**WORK TO BE COMPLETED**
The entries below are to be returned as written, with all pictures dropped.
======== PROVIDED INFORMATION ========
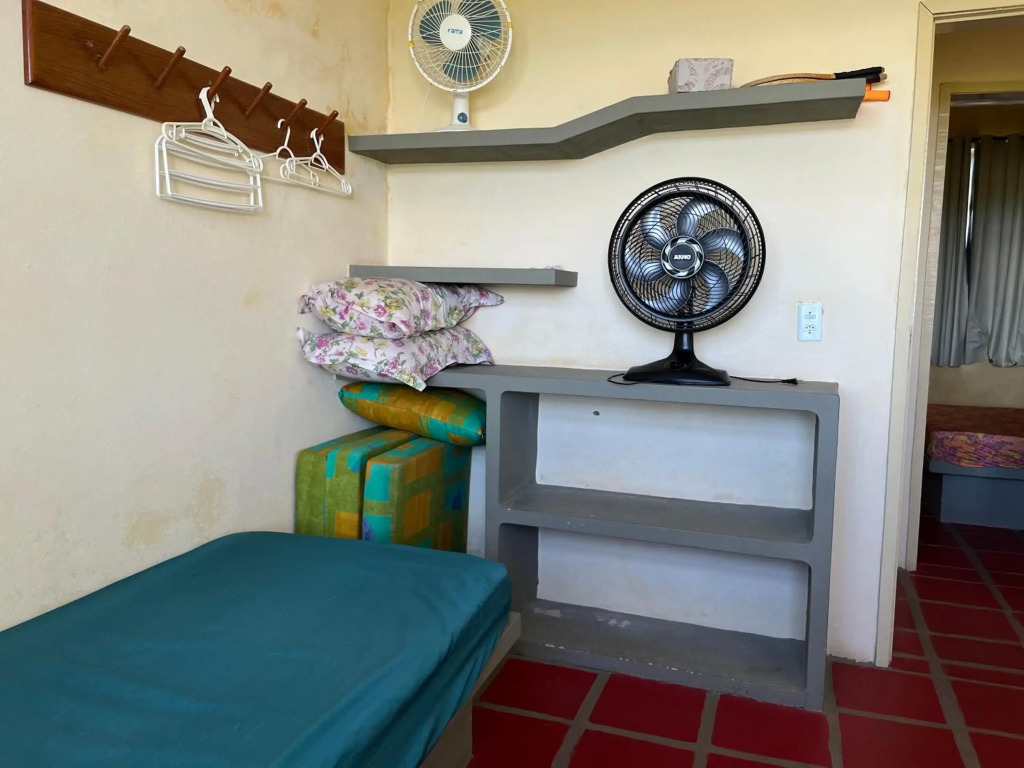 Apartamento Aluguel Morro Branco.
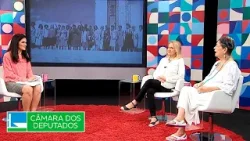 35 Anos da Constituição Federal - Mulheres - 16/01/2026 #PontoDeVista (com Libras e audiodescrição)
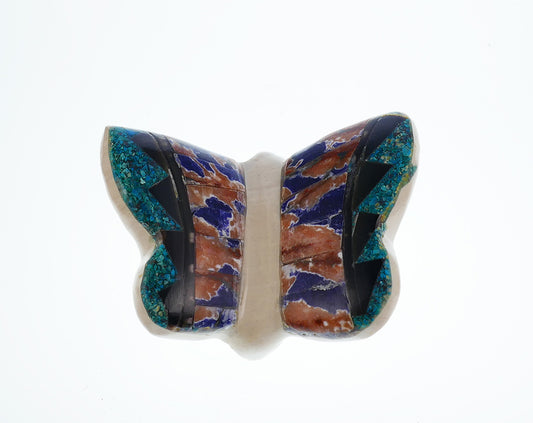 Jayne Quam Butterfly Mosaic Inlay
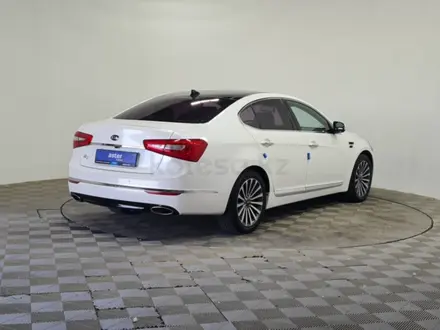 Kia K7 2014 года за 7 990 000 тг. в Алматы – фото 5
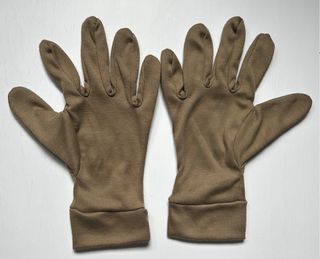 Guantes dormir ejercito.
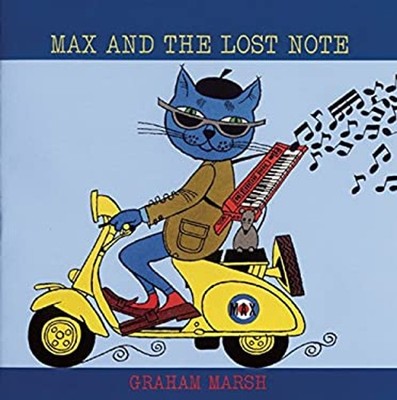 Max and the Lost Note Hardcover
========
**WRITTEN SOLUTION**
 Apartamento Aluguel Morro Branco.
 35 Anos da Constituição Federal - Mulheres - 16/01/2026 #PontoDeVista (com Libras e audiodescrição)
 Jayne Quam Butterfly Mosaic Inlay
 Kia K7 2014 года за 7 990 000 тг. в Алматы – фото 5
 Guantes dormir ejercito.
 Max and the Lost Note Hardcover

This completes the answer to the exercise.